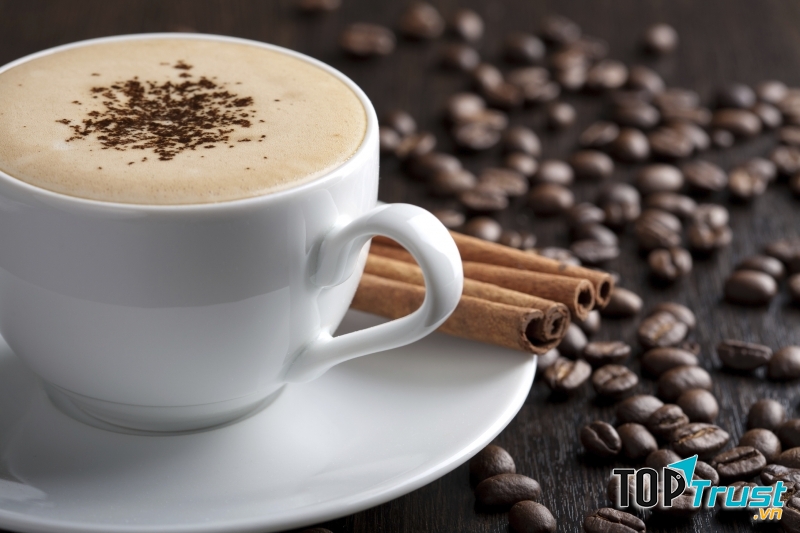 Do trong cà phê chứa hàm lượng caffein cao gây mất ngủ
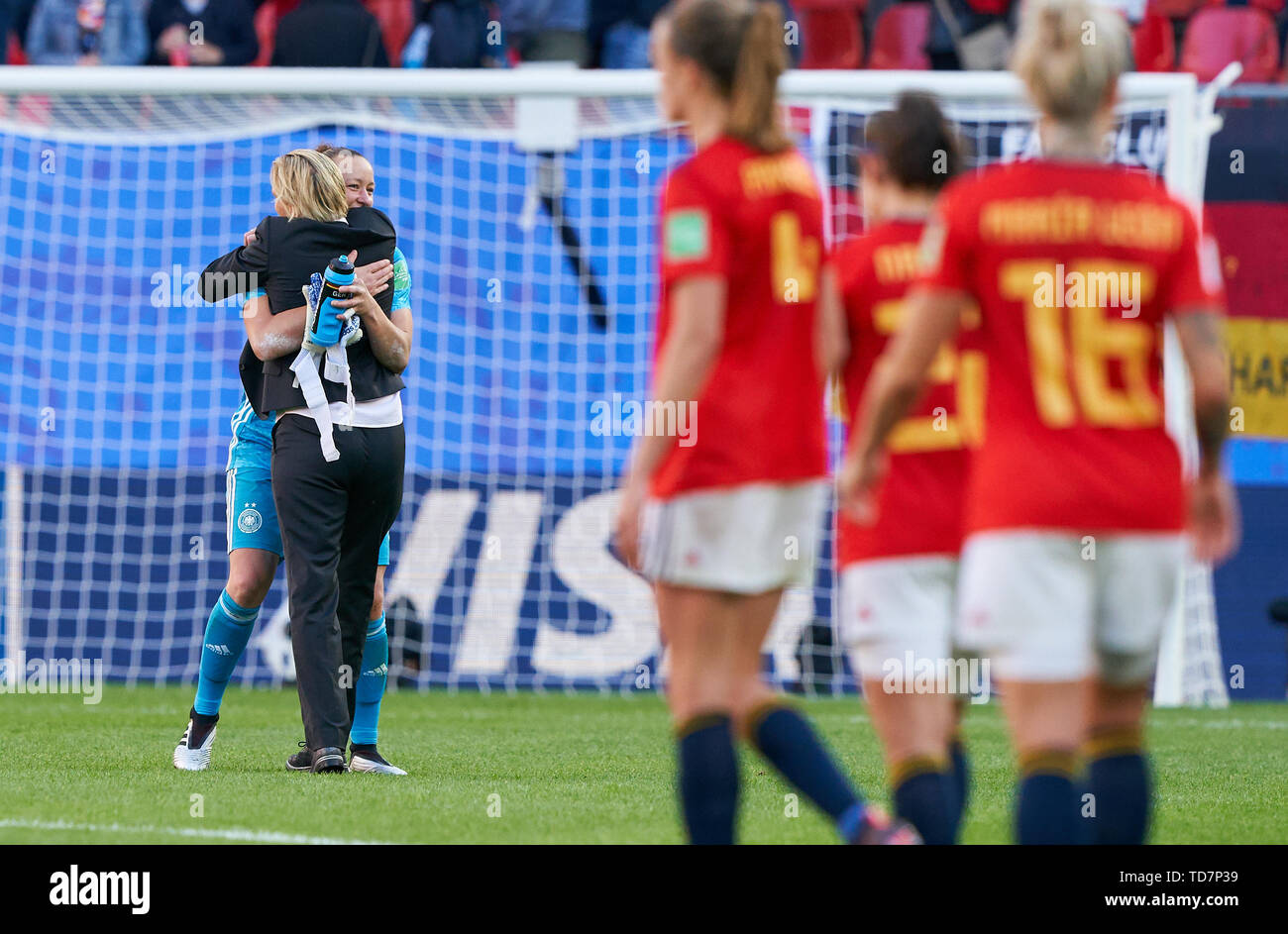 Valenciennes, Frankreich. 12 Juni, 2019. Martina Voss-Tecklenburg, Trainer, Team Manager DFB-Frauen, Umarmungen Almuth SCHULT, DFB 1 Jubel, Freude, Emotionen, feiern, lachen, Jubeln, Jubeln, reißt die Arme, ballte die Faust, Feiern, Feier, Torjubel, DEUTSCHLAND - SPANIEN Frauen FIFA-Weltpokal France Saison 2018/2019, 12. Juni 2019 in Valenciennes, Frankreich. Credit: Peter Schatz/Alamy leben Nachrichten Stockfoto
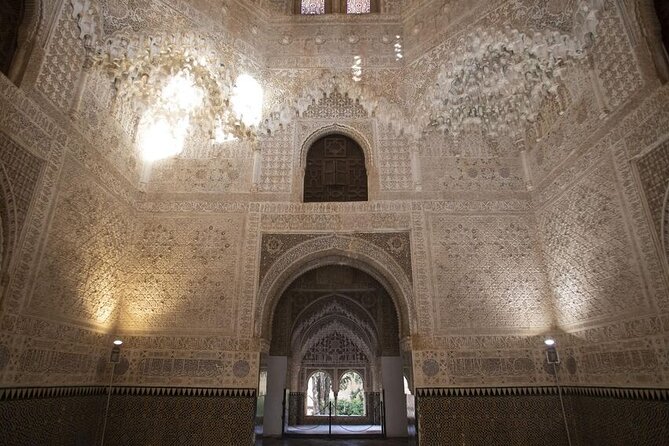 Guided Walking Tour of the Alhambra in Granada - Price, group size, and what you receive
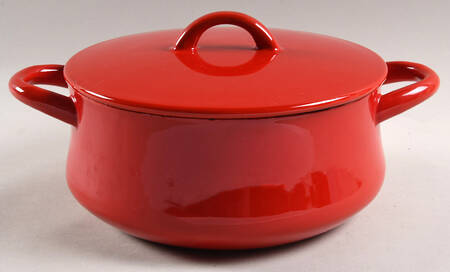 Bistro Enamel Red 3 Quart Covered Metal Saucepan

■ ■ ■ ■

The task:
Repeat the material above word for word but skip the images.

Answer to the problem:
 Do trong cà phê chứa hàm lượng caffein cao gây mất ngủ
 Valenciennes, Frankreich. 12 Juni, 2019. Martina Voss-Tecklenburg, Trainer, Team Manager DFB-Frauen, Umarmungen Almuth SCHULT, DFB 1 Jubel, Freude, Emotionen, feiern, lachen, Jubeln, Jubeln, reißt die Arme, ballte die Faust, Feiern, Feier, Torjubel, DEUTSCHLAND - SPANIEN Frauen FIFA-Weltpokal France Saison 2018/2019, 12. Juni 2019 in Valenciennes, Frankreich. Credit: Peter Schatz/Alamy leben Nachrichten Stockfoto
 Guided Walking Tour of the Alhambra in Granada - Price, group size, and what you receive
 Bistro Enamel Red 3 Quart Covered Metal Saucepan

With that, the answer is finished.